Your task. For this task, copy the data that follows exactly, keeping every character.

--*--

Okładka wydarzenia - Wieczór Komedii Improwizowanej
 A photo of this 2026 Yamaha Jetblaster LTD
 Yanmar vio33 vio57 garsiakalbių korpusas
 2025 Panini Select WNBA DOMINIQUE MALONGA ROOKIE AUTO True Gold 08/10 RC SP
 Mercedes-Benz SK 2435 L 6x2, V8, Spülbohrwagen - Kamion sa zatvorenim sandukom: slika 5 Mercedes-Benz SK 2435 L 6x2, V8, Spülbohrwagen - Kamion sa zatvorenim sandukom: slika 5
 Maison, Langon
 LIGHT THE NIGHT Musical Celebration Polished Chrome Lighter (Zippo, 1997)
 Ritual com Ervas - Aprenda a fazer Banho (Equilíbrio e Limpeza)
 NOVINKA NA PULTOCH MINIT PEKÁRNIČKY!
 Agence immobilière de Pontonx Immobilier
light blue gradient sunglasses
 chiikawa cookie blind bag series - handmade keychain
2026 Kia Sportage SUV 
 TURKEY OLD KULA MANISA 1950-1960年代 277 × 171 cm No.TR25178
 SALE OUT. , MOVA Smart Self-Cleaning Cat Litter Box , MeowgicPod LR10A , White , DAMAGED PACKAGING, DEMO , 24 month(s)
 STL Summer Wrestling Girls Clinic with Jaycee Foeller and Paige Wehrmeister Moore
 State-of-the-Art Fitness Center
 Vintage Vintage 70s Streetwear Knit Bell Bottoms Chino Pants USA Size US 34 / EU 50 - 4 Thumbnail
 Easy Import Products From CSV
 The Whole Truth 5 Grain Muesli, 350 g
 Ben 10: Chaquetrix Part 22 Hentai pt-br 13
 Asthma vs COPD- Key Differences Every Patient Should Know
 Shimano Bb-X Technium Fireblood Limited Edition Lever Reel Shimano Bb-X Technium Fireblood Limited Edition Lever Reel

--*--

Result of this exercise.
Okładka wydarzenia - Wieczór Komedii Improwizowanej
 A photo of this 2026 Yamaha Jetblaster LTD
 Yanmar vio33 vio57 garsiakalbių korpusas
 2025 Panini Select WNBA DOMINIQUE MALONGA ROOKIE AUTO True Gold 08/10 RC SP
 Mercedes-Benz SK 2435 L 6x2, V8, Spülbohrwagen - Kamion sa zatvorenim sandukom: slika 5 Mercedes-Benz SK 2435 L 6x2, V8, Spülbohrwagen - Kamion sa zatvorenim sandukom: slika 5
 Maison, Langon
 LIGHT THE NIGHT Musical Celebration Polished Chrome Lighter (Zippo, 1997)
 Ritual com Ervas - Aprenda a fazer Banho (Equilíbrio e Limpeza)
 NOVINKA NA PULTOCH MINIT PEKÁRNIČKY!
 Agence immobilière de Pontonx Immobilier
light blue gradient sunglasses
 chiikawa cookie blind bag series - handmade keychain
2026 Kia Sportage SUV 
 TURKEY OLD KULA MANISA 1950-1960年代 277 × 171 cm No.TR25178
 SALE OUT. , MOVA Smart Self-Cleaning Cat Litter Box , MeowgicPod LR10A , White , DAMAGED PACKAGING, DEMO , 24 month(s)
 STL Summer Wrestling Girls Clinic with Jaycee Foeller and Paige Wehrmeister Moore
 State-of-the-Art Fitness Center
 Vintage Vintage 70s Streetwear Knit Bell Bottoms Chino Pants USA Size US 34 / EU 50 - 4 Thumbnail
 Easy Import Products From CSV
 The Whole Truth 5 Grain Muesli, 350 g
 Ben 10: Chaquetrix Part 22 Hentai pt-br 13
 Asthma vs COPD- Key Differences Every Patient Should Know
 Shimano Bb-X Technium Fireblood Limited Edition Lever Reel Shimano Bb-X Technium Fireblood Limited Edition Lever Reel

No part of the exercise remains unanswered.